The Good: Solid gameplay, game editors
The Not So Good: No introductory scenarios, only four missions, still has cumbersome unit stack controls, only subtle differences from previous games
What say you? The Decisive Battles series moves to the battalion level, and it’s a lot of the same: 5/8
MY POORLY WRITTEN INTRODUCTION
As we’ve seen with Paradox’s Europa Universalis series, if you have a good engine, exploit it for all its worth. SSG as done this with their Decisive Battles series, bringing us hot wargaming action in Russia, Normandy, and Italy. Now, their engine has been brought to the battalion level to give you more individual control over units in the generically-named Battlefront. Has SSG made enough changes in the engine and gameplay to merit another purchase?
GRAPHICS AND SOUND
Battlefront looks and sounds eerily similar to Battles in Italy; in fact, you probably couldn’t tell the two games apart by looking at them. The game’s maps are more detailed than most 2-D wargames, but the graphics are starting to look dated when compared to the more contemporary 3-D offerings available on the market. The engine is essentially unchanged since Korsun Pocket (released almost four years ago), and it wasn’t exactly cutting-edge then. You would think some enhancements could be made in the two years since the last game, but apparently not. The same goes for the sound: other than the new background music, the rest of the effects are present from earlier games. I’m not expecting a huge improvement in the graphics and sound, but some additional embellishments would be nice.

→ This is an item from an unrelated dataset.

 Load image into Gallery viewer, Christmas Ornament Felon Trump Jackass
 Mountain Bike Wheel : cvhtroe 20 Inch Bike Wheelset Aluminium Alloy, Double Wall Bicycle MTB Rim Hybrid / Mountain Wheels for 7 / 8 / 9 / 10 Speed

Like SSG’s other games, Battlefront includes a paltry four scenarios covering major conflicts of World War II (Gazala, Market Garden, Novorossisk, Saipan). Each scenario can take a while to complete, however, because of the large number of units involved. However, this still pales in comparison to games like Conquest of the Aegean. There is a silver lining, though: Battlefront comes with full-featured editors, where you can create your own maps, units, and orders of battle. This is the real highlight of the game, and I’m hoping the community comes out with some quality scenarios to extend the life of the game. Battlefront is tough for new players to get in to, since the game lacks a tutorial or even a small introductory scenario. The game is really intended for those who have played previous SSG games, and this is exemplified through the lack of in-game help. Battlefront isn’t the most complicated wargame in the world, but novices will most likely be scared off too soon.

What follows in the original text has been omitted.